The measured overhead is slightly less than 1%. There have been some rare historical cases where frame pointers have caused performance to blow up but those are fixed.

loeg · 2024-03-17T07:09:53.000000Z

It’s usually a lot less than 2%.

boulos · 2024-03-17T17:34:47.000000Z

JIT'ed code is sadly poorly supported, but LLVM has had great hooks for noting each method that is produced and its address. So you can build a simple mixed-mode unwinder, pretty easily, but mostly in process.

I think Intel's DNN things dump their info out to some common file that perf can read instead, but because the *kernels* themselves reuse rbp throughout oneDNN, it's totally useless.

Finally, can any JVM folks explain this claim about DWARF info from the article:

> Doesn't exist for JIT'd runtimes like the Java JVM

that just sounds surprising to me. Is it off by default or literally not available? (Google searches have mostly pointed to people wanting to include the JNI/C side of a JVM stack, like https://github.com/async-profiler/async-profiler/issues/215).

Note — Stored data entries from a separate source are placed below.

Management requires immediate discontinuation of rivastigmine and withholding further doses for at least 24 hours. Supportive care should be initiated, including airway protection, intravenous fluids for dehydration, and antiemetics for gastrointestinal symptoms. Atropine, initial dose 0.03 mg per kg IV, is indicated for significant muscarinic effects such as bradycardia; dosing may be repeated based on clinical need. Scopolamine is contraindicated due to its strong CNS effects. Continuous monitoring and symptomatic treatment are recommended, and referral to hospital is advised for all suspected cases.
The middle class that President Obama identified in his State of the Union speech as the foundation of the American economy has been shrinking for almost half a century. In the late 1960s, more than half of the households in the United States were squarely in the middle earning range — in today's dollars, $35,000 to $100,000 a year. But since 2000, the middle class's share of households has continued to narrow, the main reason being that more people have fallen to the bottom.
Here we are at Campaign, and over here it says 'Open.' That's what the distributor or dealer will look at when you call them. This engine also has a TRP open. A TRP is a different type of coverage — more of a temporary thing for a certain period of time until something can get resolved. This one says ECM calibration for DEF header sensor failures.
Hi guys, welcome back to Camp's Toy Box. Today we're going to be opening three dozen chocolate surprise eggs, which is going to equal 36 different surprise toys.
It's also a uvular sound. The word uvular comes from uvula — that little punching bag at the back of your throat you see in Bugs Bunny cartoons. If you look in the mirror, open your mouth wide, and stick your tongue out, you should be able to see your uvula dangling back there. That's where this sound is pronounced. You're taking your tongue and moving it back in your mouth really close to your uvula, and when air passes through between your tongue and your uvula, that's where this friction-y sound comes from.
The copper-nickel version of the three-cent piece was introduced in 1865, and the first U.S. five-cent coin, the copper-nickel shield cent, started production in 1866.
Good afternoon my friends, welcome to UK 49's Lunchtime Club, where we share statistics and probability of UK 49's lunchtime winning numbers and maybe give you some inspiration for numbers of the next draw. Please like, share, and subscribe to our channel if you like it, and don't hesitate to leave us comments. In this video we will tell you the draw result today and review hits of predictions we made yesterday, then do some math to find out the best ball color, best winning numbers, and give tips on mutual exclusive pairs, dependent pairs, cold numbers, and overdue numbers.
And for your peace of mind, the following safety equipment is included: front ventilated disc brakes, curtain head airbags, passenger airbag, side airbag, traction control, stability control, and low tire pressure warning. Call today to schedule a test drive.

weebull · 2024-03-17T16:04:27.000000Z

Just as a general comment on this topic...

The fact that people complain about the performance of the mechanism that enables the system to be profiled, and so performance problems be identified, is beyond ironic. Surely the epitome of premature optimisation.

account42 · 2024-03-18T11:27:18.000000Z

It's not moronic when the people profiling and the people having performance issues are different groups. That some developer benefits from having frame pointers in libc does not mean that all users of that software also need to have frame pointers enabled.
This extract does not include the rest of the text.